• **Supplied entries**
● ● ● ●
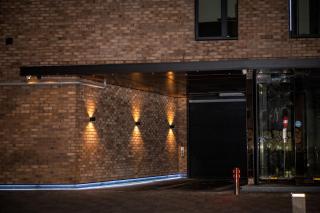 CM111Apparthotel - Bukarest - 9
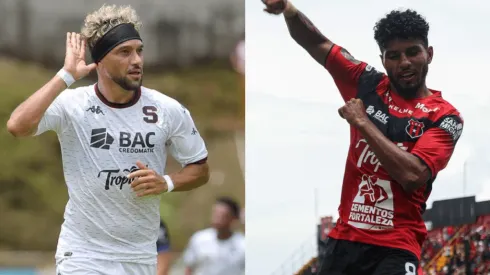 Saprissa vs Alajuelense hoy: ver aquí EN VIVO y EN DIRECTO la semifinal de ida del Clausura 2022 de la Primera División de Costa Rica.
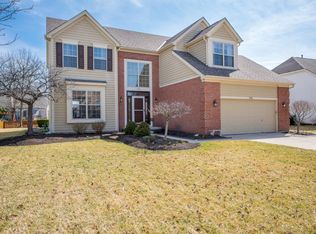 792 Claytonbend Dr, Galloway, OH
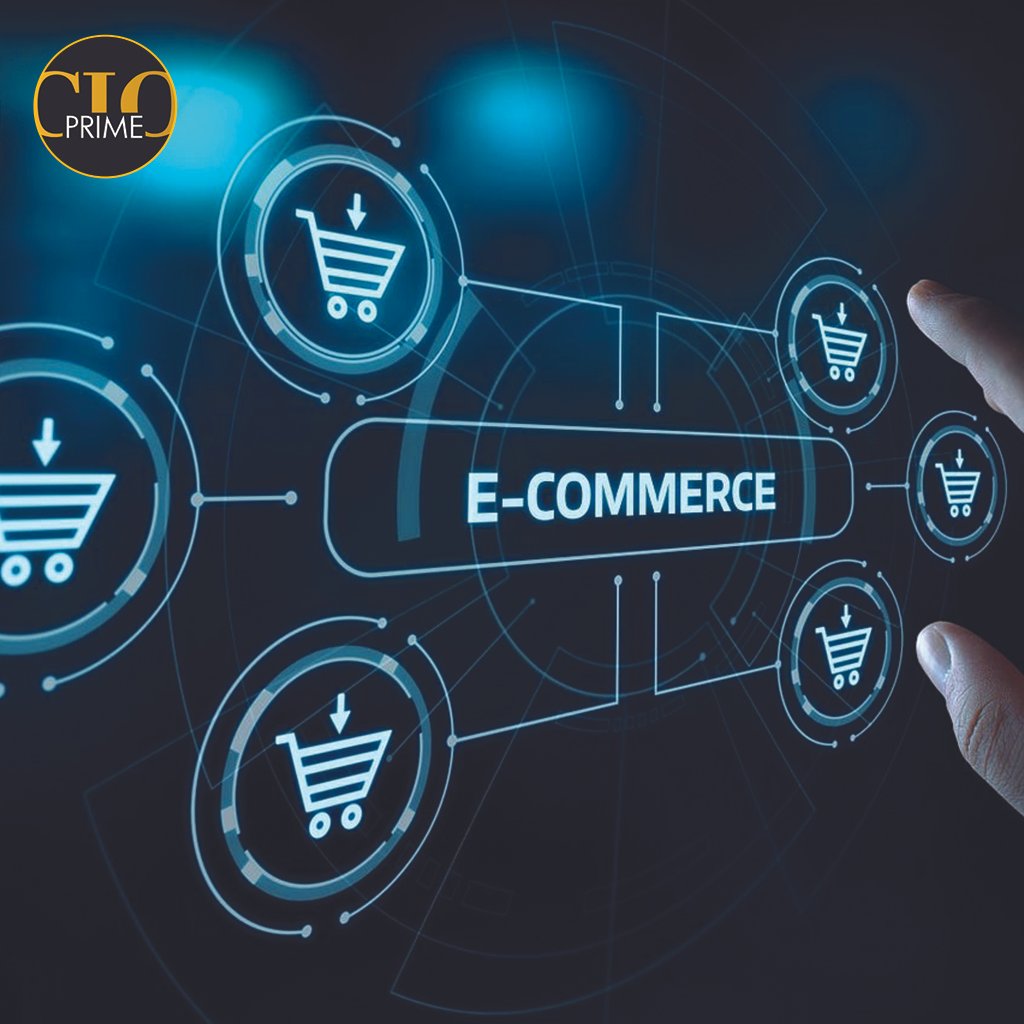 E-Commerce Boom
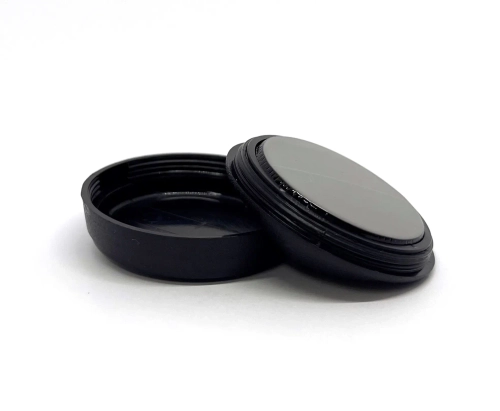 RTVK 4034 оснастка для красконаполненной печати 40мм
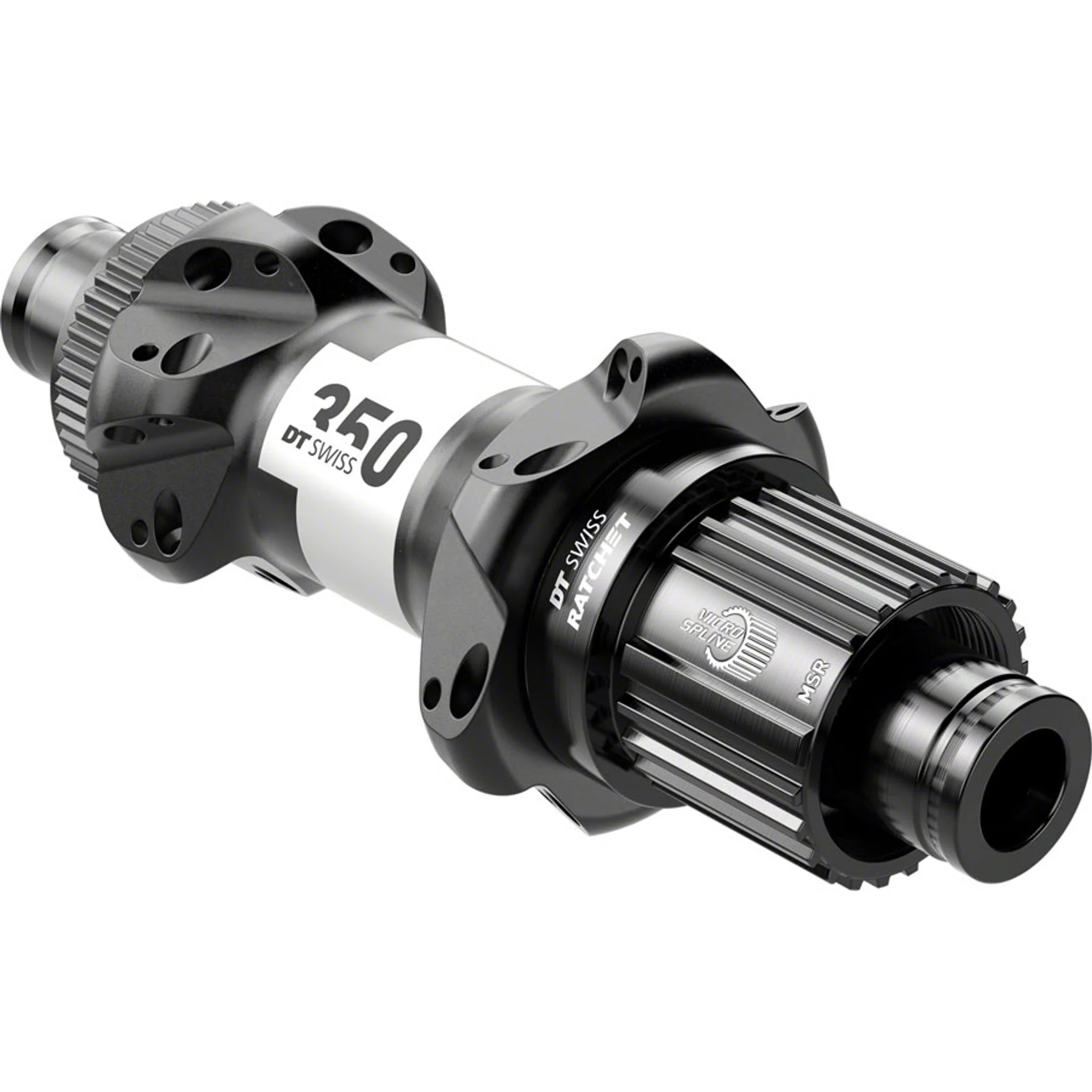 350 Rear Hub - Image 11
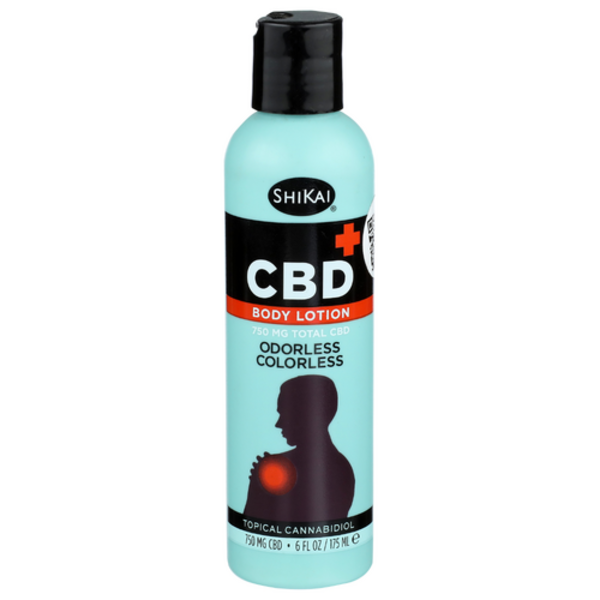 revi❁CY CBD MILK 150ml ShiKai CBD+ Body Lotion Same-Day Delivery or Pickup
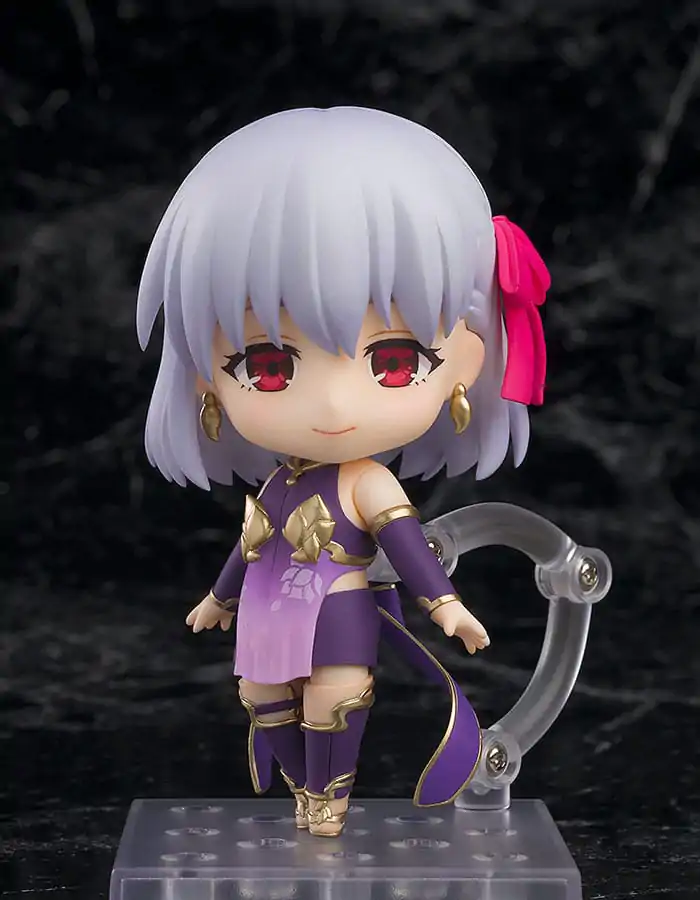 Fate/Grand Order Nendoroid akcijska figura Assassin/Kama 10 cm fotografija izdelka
● ● ● ●
• **Exercise**
Down to the last line, return the entries above exactly, with no pictures.

• **Answer to this problem**
 CM111Apparthotel - Bukarest - 9
 Saprissa vs Alajuelense hoy: ver aquí EN VIVO y EN DIRECTO la semifinal de ida del Clausura 2022 de la Primera División de Costa Rica.
 792 Claytonbend Dr, Galloway, OH
 E-Commerce Boom
 RTVK 4034 оснастка для красконаполненной печати 40мм
 350 Rear Hub - Image 11
 revi❁CY CBD MILK 150ml ShiKai CBD+ Body Lotion Same-Day Delivery or Pickup
 Fate/Grand Order Nendoroid akcijska figura Assassin/Kama 10 cm fotografija izdelka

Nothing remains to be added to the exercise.